Di UMM, tercata ia pernah menjabat sebagai sekretaris umum Himpunan Mahasiswa Jurusan (HMJ) Akuakultur. Ia juga aktif melakukan penelitian dan membantu dosen dengan menjadi asisten laboratorium di beberapa mata kuliah serta bioteknologi.
Itu masih belum organisasi dan Unit Kegiatan Mahasiswa (UKM) lain yang Ike ikuti.
Namun nyatanya, sebagai aktivis yang sangat sibuk, ia membuktikan bahwa hal itu tak bisa jadi alasan untuk lulus molor.
Menjadi aktivis yang berkelas
Cerita lain datang dari Magdalena Asmara, aktivis dari Universitas Sebelas Maret (UNS), Surakarta, Jawa Tengah.
Magda, sapaan akrabnya, lulus dengan predikat cumlaude (IPK 3,98). Ia baru saja resmi menjadi sarjana Ekonomi Pembangunan Fakultas Ekonomi dan Bisnis (FEB) UNS pada Sabtu, (24/2/2024).
Magda memang tak sama seperti Ike, menjadi aktivis yang lulus dengan IPK sempurna bahkan tanpa mengerjakan skripsi.
Magda tetap mengerjakan skripsi. Di tengah-tengah kesibukannya sebagai aktivis di UNS, nyatanya ia mampu menuntaskan skripsinya hingga lulus di semester 7.
Dari informasi di laman resmi UNS, ada beberapa organisasi yang Magda ikuti selama kuliah di UNS, antara lain Himpunan Mahasiswa Jurusan (HMJ) Prodi Ekonomi Pembangunan, Badan Eksekutif Mahasiswa (BEM) FEB, dan tergabung dalam Semar Preneur serta Helpdesk FEB UNS.

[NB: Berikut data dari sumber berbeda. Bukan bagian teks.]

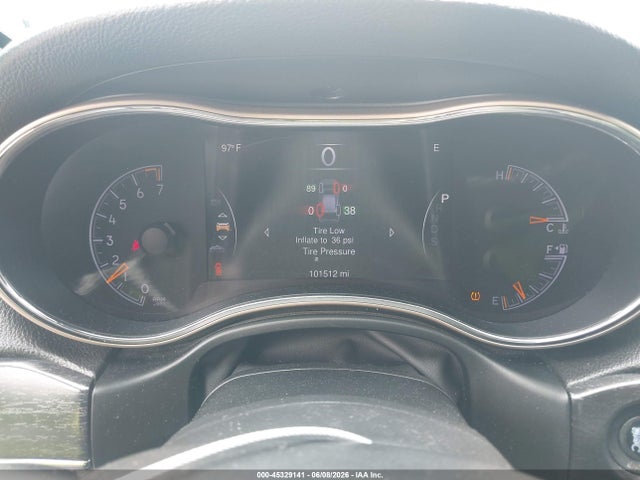 1C4RJFBG7EC103164 Jeep Grand Cherokee Limited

Magda bahkan sempat mengikuti Program Kampus Merdeka Bank Indonesia (KMBI) Batch 6 pada semester 6, artinya di tengah-tengah masa skripsiannya.
Magda—dan juga Ike—menunjukkan bagaimana menjadi seorang aktivis yang berkelas. Di masa sekarang, sudah tak zamannya aktivis lulus telat. Karena sekarang situasinya cenderung serba mudah. Tak serunyam dan semencekam aktivis era 98.
Sama-sama dari orang kelas bawah
Yang spesial lagi, baik Ike maupun Magda bukan berangkat dari orang berpunya.
Ike adalah anak dari penjual warung kopi di Blitar. Sementara Magda adalah anak dari buruh bangunan di Solo.
Magda bahkan sempat berada di fase “kuliah modal dengkul” karena mengandalkan kebaikan dari teman-temannya di FEB UNS.
“Pada waktu itu saya tidak memiliki laptop. Teman-teman rela untuk meminjami hingga saya bisa beli laptop sendiri,” tutur Magda.
Masih ada banyak cerita-cerita dari kalangan aktivis kampus yang lulus tepat waktu dan dengan IPK memuaskan. Bahkan, rata-rata dari mereka berangkat dari keluarga yang sangat sederhana.
Coba cek saja di Google dengan mengetikkan “kisah unik mahasiswa miskin”. Ada cukup banyak cerita-cerita mahasiswa yang mirip dengan Magda dan Ike.
Pada intinya, karena situasi di dunia aktivisme saat ini berbeda dengan era 98, di masa sekarang rasa-rasanya sudah tak zaman ada aktivis yang lulus molor apalagi sampai terancam DO.